Les fleurs qui poussent en enfer
...à mon avis, c'est une fleur qui a poussé en enfer ; comme bien d'autres fleurs ont poussé ici et là autour de lui, je les ai appelées « Les fleurs qui poussent en enfer ». Je suis convaincu qu'un jour la tempête de la révolution rassemblera toutes ces fleurs dispersées en un lieu central, pour en faire un lieu de fraîcheur. Ce jour-là, le destin de l'enfer changera de route et de la même manière que les océans pétrifiés sont nés d'un tout petit morceau de glace, à partir de ce petit centre notre grand pays opérera ses changements climatiques et la fournaise de l'enfer se muera en un paradis radieux...
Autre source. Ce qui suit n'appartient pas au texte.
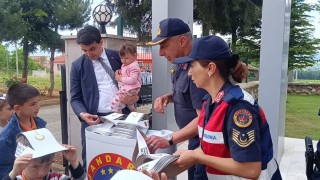 Pazaryerinde jandarmadan öğrencilere unutulmaz gün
Parmi les romanciers des années trente-quarante, Mohammad Massoud, héritier comme tous ceux de sa génération des idées de la révolution constitutionnelle, offre la figure du libertaire et du redresseur de torts. Massoud est un « self-made man ». Issu d'une famille religieuse, traditionnaliste et économiquement défavorisée, il arrive à Téhéran encore adolescent. Les fleurs qui poussent en enfer (1942) est le premier de deux romans autobiographiques qui racontent ce « Printemps de la vie » (1945). Grâce à des talents exceptionnels, Massoud bénéficie d'une formation de journaliste en Europe. En 1941, l'abdication de Reza Shah Pahlavi lui permet de fonder le journal Mard-e Emruz (L'homme moderne) qui sera le journal au plus gros tirage de ces années-là. La jeune génération des romanciers dont Massoud fait partie est célébrée par le Premier Congrès des écrivains d'Iran en 1946. Un an plus tard, Massoud est assassiné devant l'imprimerie de son journal par un activiste communiste. Son franc-parler, ses idées libertaires, le ton acerbe de sa critique sociale en avaient fait l'ennemi de tous les bords. Son oeuvre romanesque mérite d'être relue et reconnue.